'WYCHE HAS MOVED TO MORE ELEGANT QUARTERS'
All right, you long sufferers. You have been looking for the way to beat Alabama. Here is how you do it. Very simple. First thing you get two top quarterbacks, one who passes like a professional and runs like he would rather not (call him Swamp Rat Warren, just for fun) and one who is a terrific natural athlete (call him Charlie Fulton) who also doubles as a tailback and frightens people no matter what he plays. Are you getting this down? Then you make a raid into Alabama and grab a prospect from under the nose of Bear Bryant. That's the hard part. Better do that at night. Call this prospect Richmond Flowers Jr. of the Montgomery Flowers. Flowers can catch, and he can run with what he has caught. Then you go down to Tampa, Fla., and get a couple more quarterbacks and shove them onto the defensive team. They will love it.

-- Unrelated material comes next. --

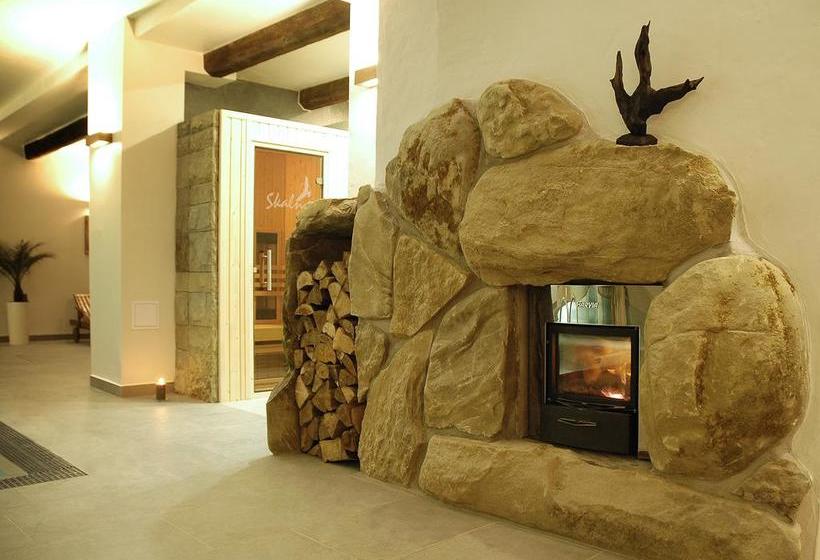 هتل Skalny Spa Bieszczady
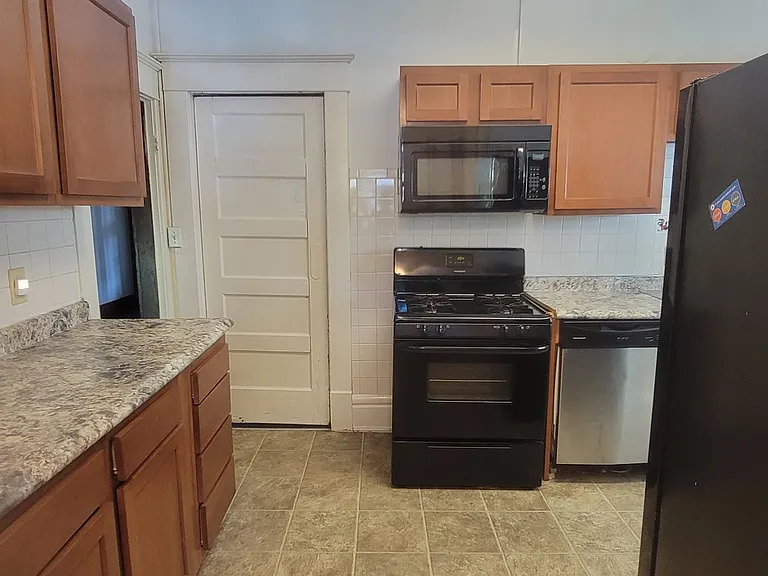2015 Summit St — Photo 12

Now pay attention, because this is where it gets tricky. You allow both Warren and Fulton to get hurt before the game. Knock them right out of the action, see? And you bring up a quarterback with a name nobody can pronounce. Bubba Wyche. Does it rhyme with tyke, rich, psyche, rice or swish? His father says with "I-ch." Bubba is a fellow who has been hanging around for four years, serving time as a red shirt on the meatball squad and aching to get a chance to earn his laundry money.
Bubba gets a lot of unattention, and richly deserves it. Even the week before, when he makes his debut on national television because Warren and Fulton are hurt and he beats Georgia Tech, nobody thinks about him. Who's Georgia Tech? Beat Alabama, that's the thing.
So, on a lovely clear day in late October you put the baby-faced, blue-eyed, turned-up-nose and nice-as-can-be Bubba Wyche on the painted turf of Legion Field in Birmingham before the largest crowd—72,000—ever to see an Alabama-Tennessee football game. Then you add expatriate Flowers, who once got a wire from Alabama that said, "The Bear will make you regret your unfortunate decision," and those two former quarterbacks from Tampa, Defensive Halfback Albert Dorsey and Linebacker Steve Kiner. You tell Wyche to throw passes, Flowers to catch them, Dorsey to intercept when Ken (The Snake) Stabler throws and Kiner to intercept Alabama's runners. And there you have, in capsule, how Tennessee beat Alabama last weekend by a score of 24-13.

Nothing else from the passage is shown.